Une stratégie assumée de nationalisation du scrutin
Car une campagne peut en cacher une autre, à un an de l'élection suprême. Cette attitude se retrouve d'ailleurs sur tout l'échiquier politique. Bien qu'on puisse le déplorer, on ne peut reprocher à Jean-Luc Mélenchon de transformer ses candidats locaux en simples figurants. "Ses meetings ont développé des propositions à portée nationale : on assume d'avoir nationalisé ce scrutin", expliquait Paul Vannier, le "Monsieur élections" de La France insoumise, quelques jours avant le premier tour. "Il est l'un des orateurs qui créent des succès de campagne. Il capte des audiences larges, il a joué un rôle majeur", se félicitait-il.
L'implantation électorale de La France insoumise
Dimanche 15 mars, les résultats ont montré que La France insoumise ne mangeait pas de merles, mais dînait des grives. À Toulouse ou Limoges, François Piquemal et Damien Maudet, députés et têtes de liste LFI, sont arrivés en tête à gauche. À Lille ou Avignon, les candidats socialistes et insoumis sont au coude à coude. Jean-Luc Mélenchon et ses candidats n'ont pas encore plumé la volaille rose - qui demeure en première position à bâbord - mais dans certaines métropoles, ils l'ont transformée en force d'appoint pour la victoire.
Ailleurs, comme à Paris, Marseille, Clermont-Ferrand, Rennes, Nantes ou Brest, le Parti socialiste aura probablement besoin des insoumis, dont les listes sont parvenues à se maintenir, pour conserver leurs villes. Ils tiennent également en joue les écologistes. À Besançon, la maire sortante Anne Vignot devra composer avec la liste insoumise, qui s'est qualifiée in extremis pour le second tour. "L'événement politique majeur de ce soir est l'entrée de La France insoumise sur la carte électorale dans tout le pays", s'est réjouie Clémence Guetté, vice-présidente de l'Assemblée nationale.
Des polémiques qui n'entament pas la progression
La marque LFI s'implante malgré - ou peut-être à cause - de désastreuses controverses. "Soyons terribles pour dispenser au peuple de l'être", disait le révolutionnaire Danton. Quand il ne les a pas créées lui-même, Jean-Luc Mélenchon a prêté le flanc aux polémiques. L'affaire Quentin Deranque à Lyon, impliquant des membres de la Jeune Garde - mouvement antifasciste associé à LFI - en est le symbole. Contrairement aux injonctions et aux premiers propos de ses cadres, Mélenchon a refusé de battre en retraite.
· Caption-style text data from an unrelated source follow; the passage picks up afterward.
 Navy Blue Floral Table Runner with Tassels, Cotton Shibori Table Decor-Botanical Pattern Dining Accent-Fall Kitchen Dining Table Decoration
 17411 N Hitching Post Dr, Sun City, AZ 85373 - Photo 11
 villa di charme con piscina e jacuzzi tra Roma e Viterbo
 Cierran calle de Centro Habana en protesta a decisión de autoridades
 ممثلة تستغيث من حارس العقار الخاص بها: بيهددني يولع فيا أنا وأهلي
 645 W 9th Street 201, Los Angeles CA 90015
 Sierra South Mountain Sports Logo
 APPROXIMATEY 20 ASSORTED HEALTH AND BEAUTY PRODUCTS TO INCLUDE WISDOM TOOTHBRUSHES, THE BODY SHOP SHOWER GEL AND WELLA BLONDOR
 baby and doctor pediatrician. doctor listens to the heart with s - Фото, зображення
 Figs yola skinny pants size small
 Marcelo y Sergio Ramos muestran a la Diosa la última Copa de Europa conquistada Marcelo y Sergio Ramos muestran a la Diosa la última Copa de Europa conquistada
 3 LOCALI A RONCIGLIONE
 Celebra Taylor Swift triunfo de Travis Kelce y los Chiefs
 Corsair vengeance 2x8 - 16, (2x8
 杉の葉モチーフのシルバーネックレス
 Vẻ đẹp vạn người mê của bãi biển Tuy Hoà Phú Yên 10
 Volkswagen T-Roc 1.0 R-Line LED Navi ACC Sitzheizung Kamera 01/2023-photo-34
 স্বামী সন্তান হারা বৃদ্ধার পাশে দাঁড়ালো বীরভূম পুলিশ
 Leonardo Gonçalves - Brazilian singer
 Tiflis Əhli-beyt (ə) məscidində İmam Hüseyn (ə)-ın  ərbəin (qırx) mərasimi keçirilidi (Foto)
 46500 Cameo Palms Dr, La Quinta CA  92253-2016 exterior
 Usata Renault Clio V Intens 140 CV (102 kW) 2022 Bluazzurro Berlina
Et qu'importe si l'insoumis ironise sur la prononciation du nom du prédateur sexuel Jeffrey Epstein, réactivant son procès en antisémitisme. La candidate lyonnaise, Anaïs Belouassa Cherifi, à 10,5% au soir du premier tour, est devenue l'arbitre des élégances du duel Grégory Doucet-Jean-Michel Aulas. Jean-Luc Mélenchon s'est régulièrement autodéfini comme un "paratonnerre" : force est de constater que cette image n'était pas totalement dénuée de justesse, tant il semble absorber les critiques tout en avançant sa stratégie politique.